I just reread my last post and I like it so much. There is a certain peace when I read it and a groundedness that I have waited a long and lonely time for.

My fingers almost don't even want to type the words or thoughts for fear they will disappear before my eyes. I seem to always have that in the back of my mind. I can be left, and easily. However, I had a great 3rd and 4th date, almost back to back, and now this moves into the realm of exclusive because once intimacy starts there really is not room in my heart, head, morals, for more than one. And it is a huge bridge to cross, going from casual "whatever may be," to "what might this be?" That is just how my head works, I never was one to not fall in the fire.

There is a whole newness before my eyes again, like I am seeing the sparks of what could develop into great fondness and love (and again, I know me, these two things don't take long..) But it has been a long and lonely time since I saw that or even thought about it again, in a real sense. Mostly it has just been a heart ache of a lot of longing for what has left me, more so than what could be again. It seems in the darkest hour that there is no "new" there is no "future" because the present just goes on and on, and there is no joy to be found.

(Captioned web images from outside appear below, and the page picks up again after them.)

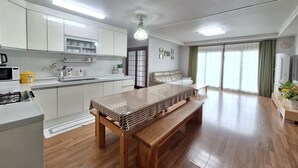 Een moderne keuken met witte kastjes, een eettafel met geruit tafelkleed en een houten bank.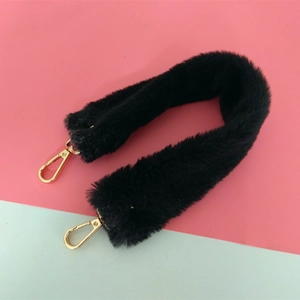 Détail de la bandoulière en fausse fourrure noire avec mousquetons dorés pour sacs à main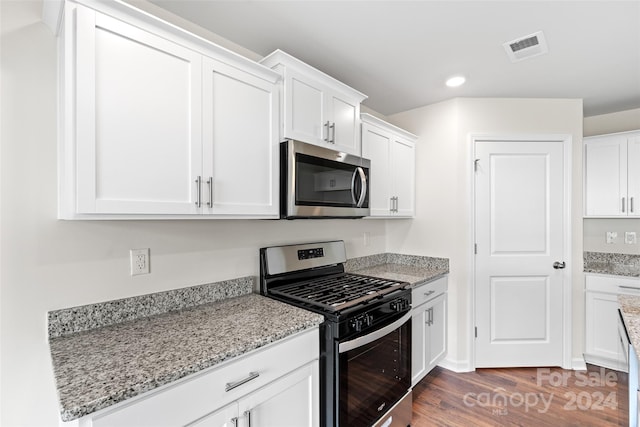 kitchen with stainless steel appliances, dark hardwood / wood-style floors, light stone countertops, and white cabinetry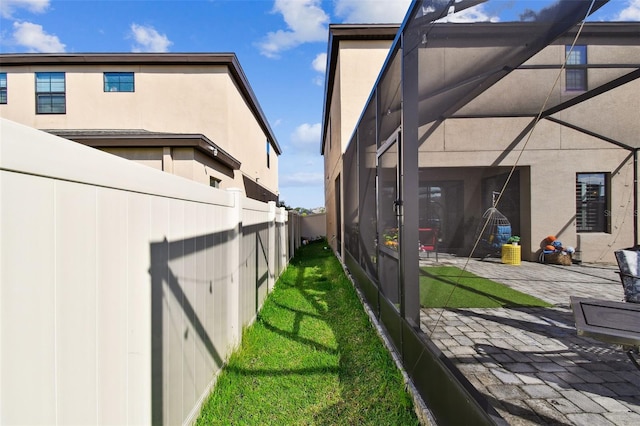 view of side of property featuring stucco siding, a patio, and glass enclosure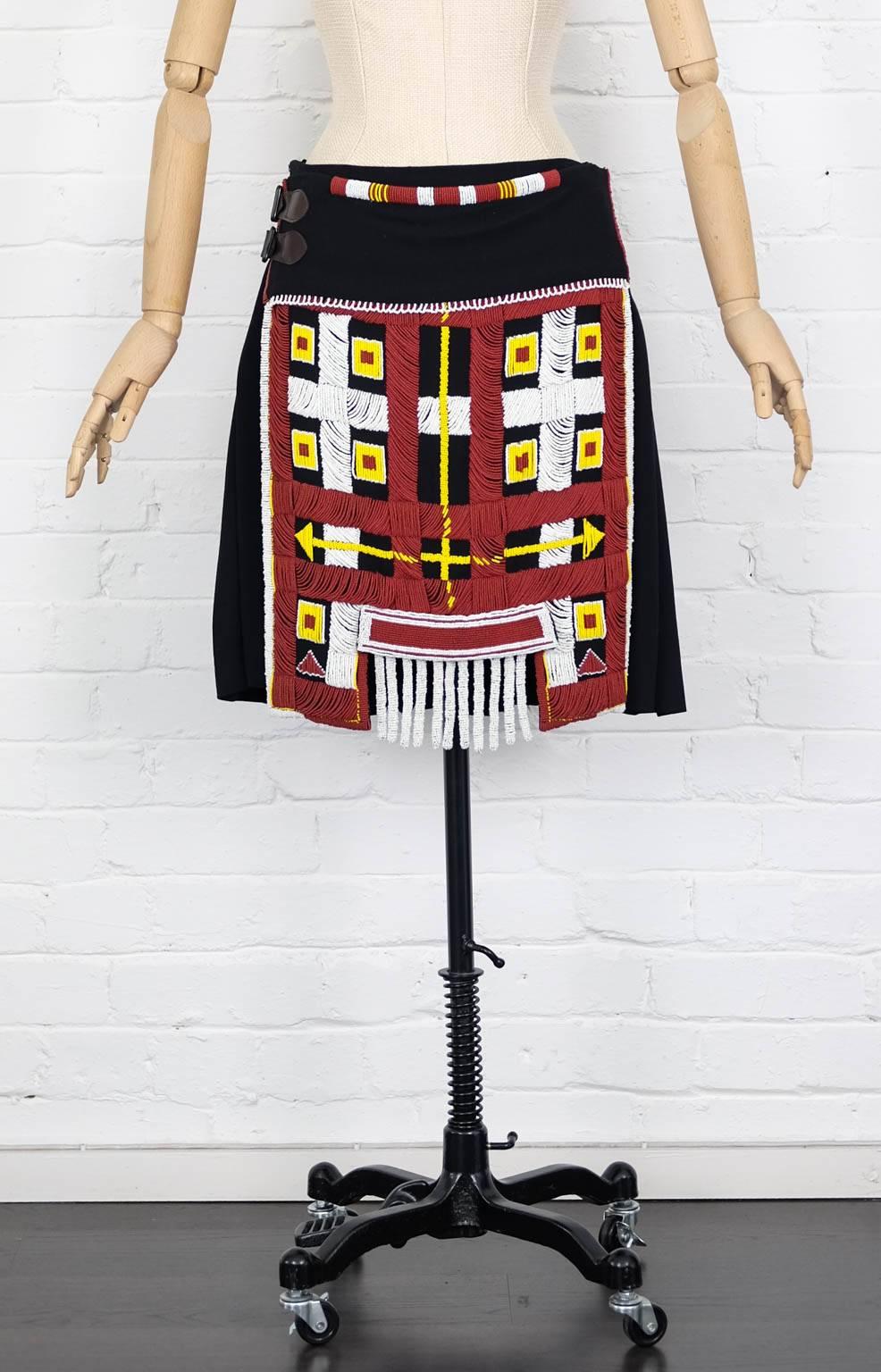 Multicoloured wool 1999 'Le 3e Millenaire Sera Amour' beaded skirt from Jean Paul Gaultier Vintage featuring an a-line shape and a side buckle strap fastening.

I don't know if my little spark I found in the world of match making might become a much larger fire. I know what I hope and think about, but I am trying to stay somewhat rational, in looking at the time table of things. There now has become the longing, when will I see you again, it is amazing how fast it zips in, like it has been just sitting there in the shadows waiting to be seen again. My life could be full again, and that prospect makes me happy. I see love like another form of art, and how I love loving someone. There really is nothing like it. Yet love that is not real, difficult, deceitful, always in motion never constant, never for sure, those parts I have felt, and those are not something to want. It just leaves the heart in a constant state of upheaval.

What I seek this time around, is a deep constant, unending love, that as Shakespeare says, "Love alters not with his brief hours and weeks, But bears it out even to the edge of doom."